Now, I'll buy Daly's admission that the league is "extremely disappointed, for our fans and for all those affected," especially since the owners -- who stood to pocket a great deal of change during the weekend -- count among those affected. But as for the assertion that time simply ran out on hockey's marquee event Friday... that's a tougher sell.
Count Donald Fehr among the skeptical. Shortly after the NHL released its statement, Fehr released his own, reminding the fans that the lockout and Friday's rubbish news remains entirely owner-driven:
The NHL's decision to cancel the 2013 Bridgestone NHL Winter Classic is unnecessary and unfortunate, as was the owners' implementation of the lockout itself. The fact that the season has not started is a result of a unilateral decision by the owners; the players have always been ready to play while continuing to negotiate in good faith. We look forward to the league's return to the bargaining table, so that the parties can find a way to end the lockout at the earliest possible date, and get the game back on the ice for the fans.
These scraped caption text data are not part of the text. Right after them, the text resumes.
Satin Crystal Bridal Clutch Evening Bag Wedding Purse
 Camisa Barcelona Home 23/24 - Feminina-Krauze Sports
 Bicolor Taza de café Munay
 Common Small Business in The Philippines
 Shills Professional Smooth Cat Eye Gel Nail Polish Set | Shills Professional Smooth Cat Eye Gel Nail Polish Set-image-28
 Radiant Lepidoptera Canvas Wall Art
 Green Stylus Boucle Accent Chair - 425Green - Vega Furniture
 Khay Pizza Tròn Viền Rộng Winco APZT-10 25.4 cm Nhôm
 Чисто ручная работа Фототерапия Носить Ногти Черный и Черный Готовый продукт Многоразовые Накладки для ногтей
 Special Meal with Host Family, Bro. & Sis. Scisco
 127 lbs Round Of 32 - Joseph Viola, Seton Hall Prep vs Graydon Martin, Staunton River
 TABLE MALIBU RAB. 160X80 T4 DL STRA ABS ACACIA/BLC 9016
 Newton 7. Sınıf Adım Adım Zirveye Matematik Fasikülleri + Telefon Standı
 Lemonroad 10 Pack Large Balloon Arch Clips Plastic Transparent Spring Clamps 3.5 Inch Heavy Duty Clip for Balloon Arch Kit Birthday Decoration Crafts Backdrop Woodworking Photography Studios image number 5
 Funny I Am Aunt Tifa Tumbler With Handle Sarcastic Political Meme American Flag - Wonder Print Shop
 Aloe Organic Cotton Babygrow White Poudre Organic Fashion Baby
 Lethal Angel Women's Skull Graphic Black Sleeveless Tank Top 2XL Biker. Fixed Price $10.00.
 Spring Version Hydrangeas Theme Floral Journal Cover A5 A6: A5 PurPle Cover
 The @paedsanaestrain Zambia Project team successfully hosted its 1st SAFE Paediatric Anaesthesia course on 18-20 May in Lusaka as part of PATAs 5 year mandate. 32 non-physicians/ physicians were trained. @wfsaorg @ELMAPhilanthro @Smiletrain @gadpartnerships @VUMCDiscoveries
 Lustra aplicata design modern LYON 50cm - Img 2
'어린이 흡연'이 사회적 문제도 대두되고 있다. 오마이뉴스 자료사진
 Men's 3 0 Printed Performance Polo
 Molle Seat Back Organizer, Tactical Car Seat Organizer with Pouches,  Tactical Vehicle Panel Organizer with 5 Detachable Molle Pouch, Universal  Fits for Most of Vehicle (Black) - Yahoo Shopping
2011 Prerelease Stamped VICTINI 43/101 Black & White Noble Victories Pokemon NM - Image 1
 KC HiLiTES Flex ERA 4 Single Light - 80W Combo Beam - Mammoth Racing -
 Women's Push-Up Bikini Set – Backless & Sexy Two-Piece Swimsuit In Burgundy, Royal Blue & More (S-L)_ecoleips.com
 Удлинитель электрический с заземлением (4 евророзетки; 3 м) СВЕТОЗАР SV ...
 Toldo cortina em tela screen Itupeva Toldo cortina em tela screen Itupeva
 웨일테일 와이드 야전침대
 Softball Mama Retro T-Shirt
Again, this statement was released on Friday. It only seems like a rerun.
Fehr has been saying since day one that the players are willing to negotiate while continuing to play, and while it makes for a nice line of rhetoric, it also makes no sense. What, exactly, would the players' motivation be for making any concessions at all when their jobs and salaries are uninterrupted?
Fehr admitted three days ago that the players were becoming frightened. They're beginning to bend, and that doesn't happen if they're still playing and the owners are still paying.
Yes, the cancellation of the Winter Classic was unnecessary, but that's because these negotiations should have been finished by now. Unfortunately, neither side has shown any urgency to do anything other than make overtures to the fans -- and wouldn't you know it, that's all Fehr's statement does.
In respect to the negotiations themselves, I'd argue that today's news wasn't unnecessary, at least from the owners' perspective.
Frankly, the Winter Classic's fate was sealed when Fehr admitted the players' concern. That's a moment of weakness, and if you're Gary Bettman, this is when you twist the knife and kill as much of their remaining resolve as you possibly can.
That's where the Winter Classic comes in. For months, the players have had the approaching event, one they believed the owners really, truly wanted, in their back pocket. It looked like leverage. It felt like leverage. At one point, maybe it even was leverage. And thus, the timing was just right for Gary Bettman and the owners to make like Gus Fring, step into the underground lab, and take a box cutter to the whole thing.
You thought this was invaluable to us? You thought we cared about this? Well, now it's dead. Clean it up.
In one ruthless action, the NHL reminded the NHLPA it means business. Sure, it may have seemed unnecessary. It may have seemed excessive. But that was the point. The owners are done with half-measures. This is about to get ugly.